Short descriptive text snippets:

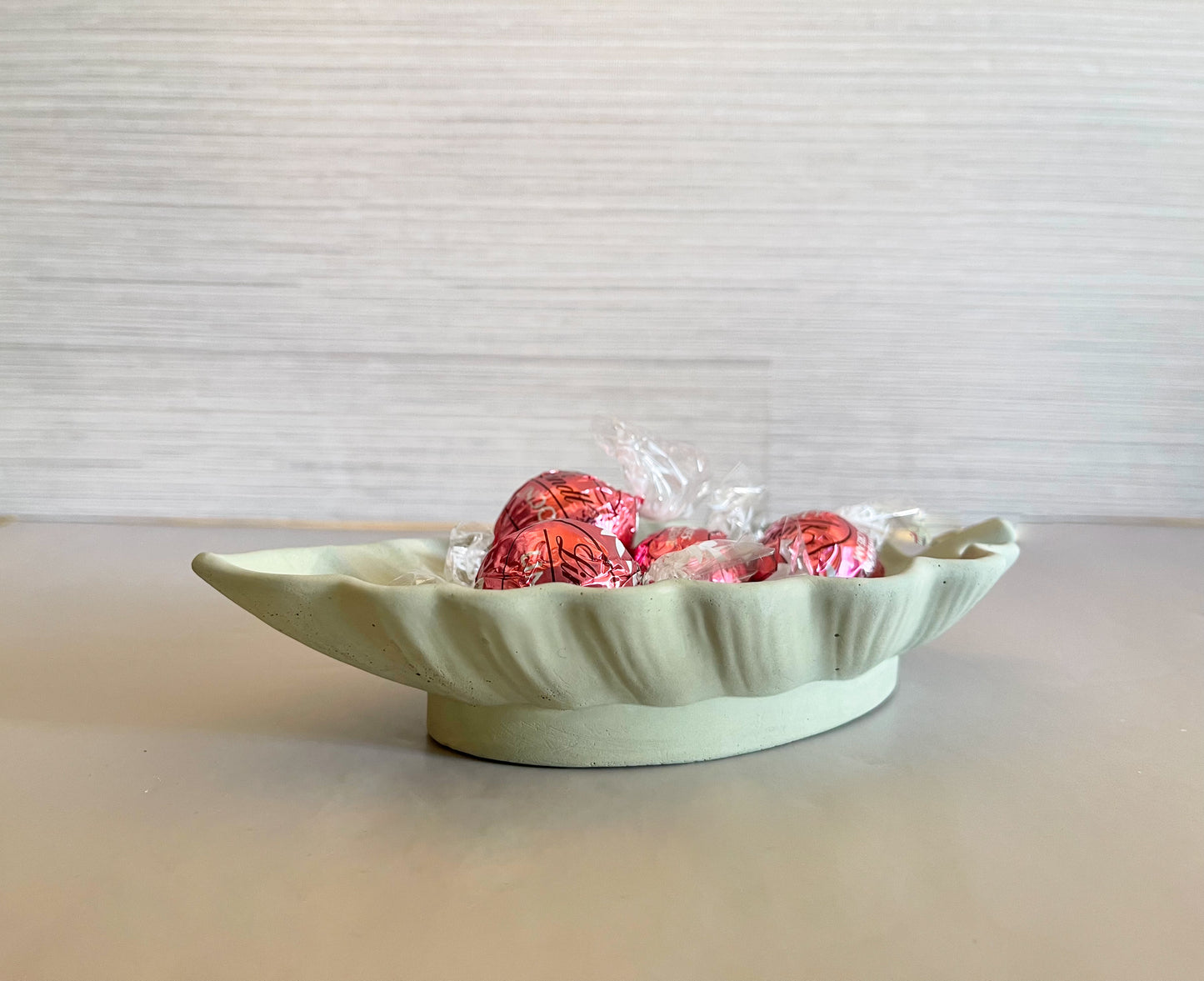 Small Leaf Bowl image 6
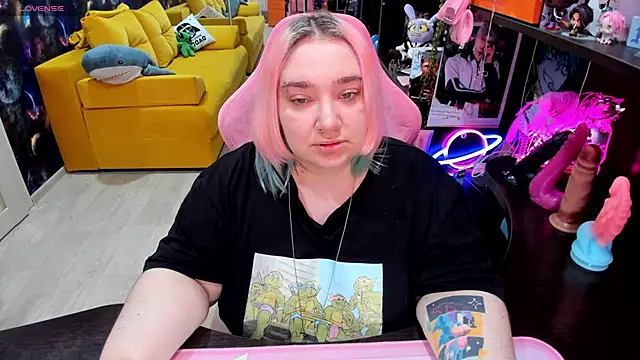 Softie Sofy online show from May 28, 2026, 1:35 am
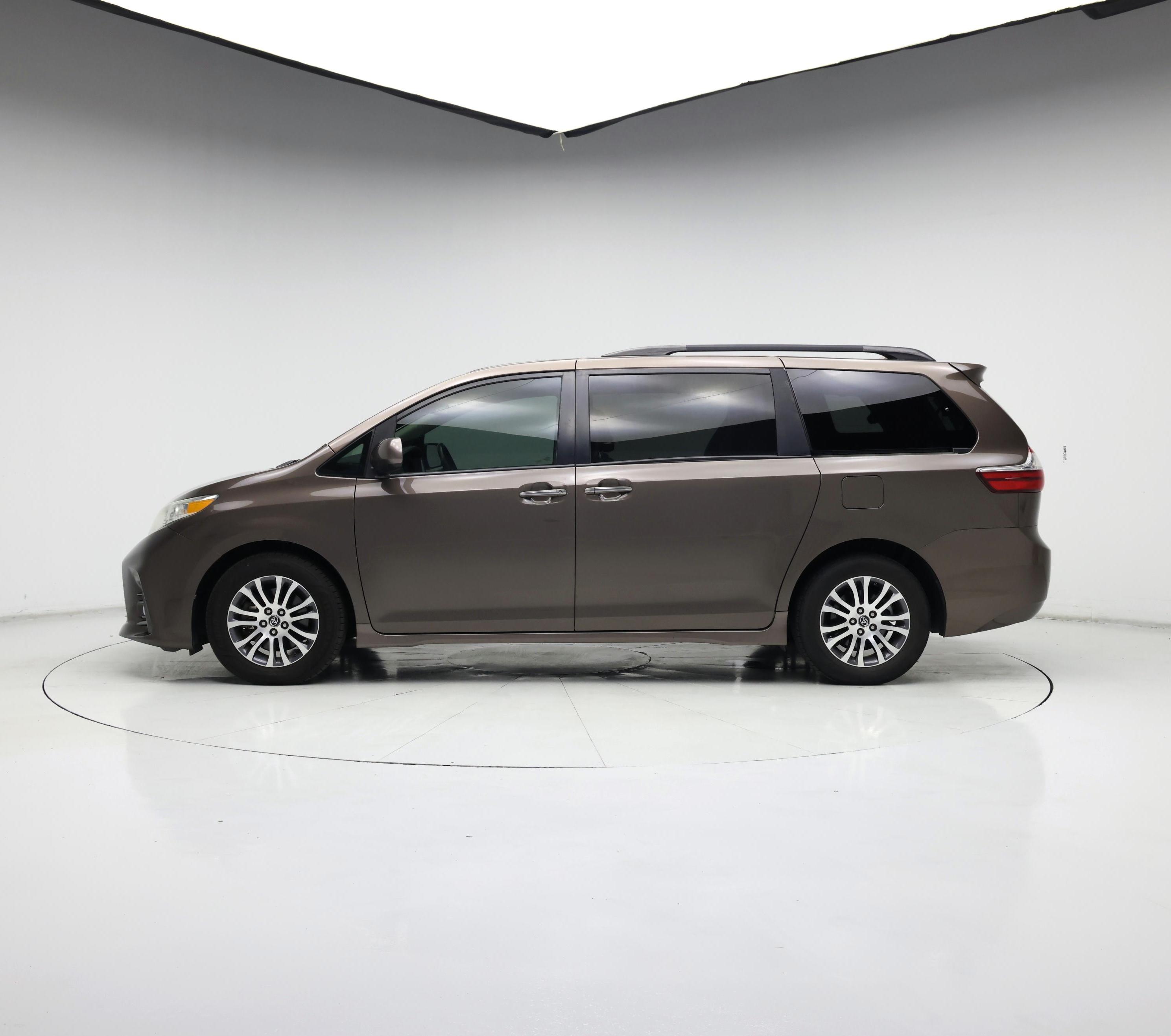 Thumbnail: 2018 Toyota Sienna - 3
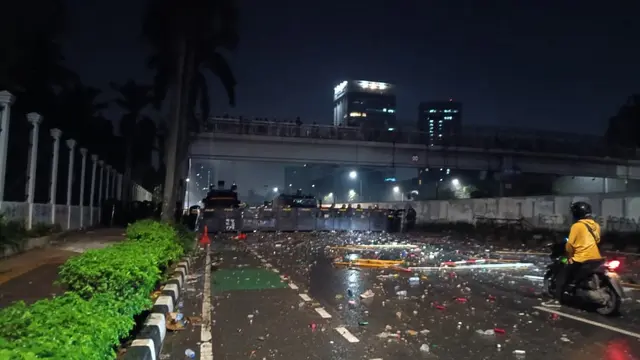 Ricuh Depan DPR, Polisi Halau Massa Pakai Gas Air Mata dan Sejumlah Orang Ditangkap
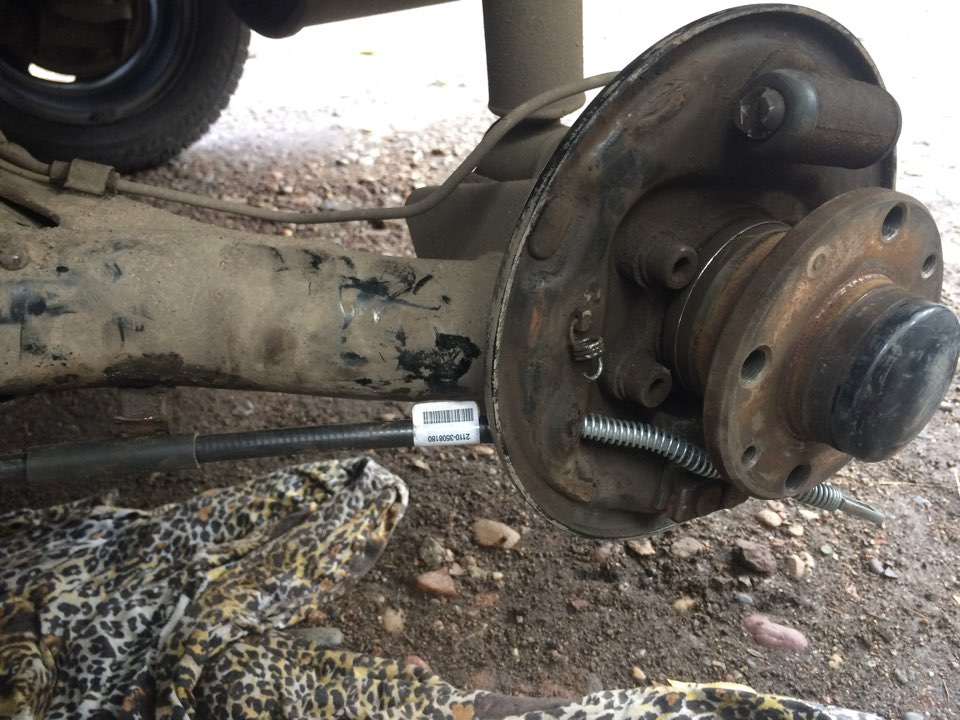 Замена тросиков стояночного тормоза (ручник) — Lada 2114, 1,6 л, 2013 ...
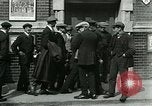 Standbild Notice Board Vereinigtes Königreich, 1914, aus Sekunde 53 historischem Filmmaterial Videoclip 65675026086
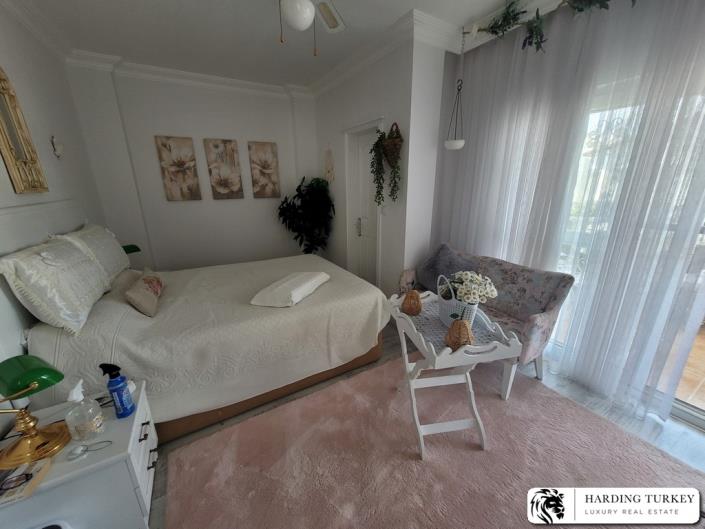 Image No.17-4 Bed Semi-Detached for sale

Exercise directions: Once the line containing "Ricuh Depan DPR, Polisi" is found, write out exactly that line and each line after it through the end of the entries, omitting pictures.

Solution to this problem:
 Ricuh Depan DPR, Polisi Halau Massa Pakai Gas Air Mata dan Sejumlah Orang Ditangkap
 Замена тросиков стояночного тормоза (ручник) — Lada 2114, 1,6 л, 2013 ...
 Standbild Notice Board Vereinigtes Königreich, 1914, aus Sekunde 53 historischem Filmmaterial Videoclip 65675026086
 Image No.17-4 Bed Semi-Detached for sale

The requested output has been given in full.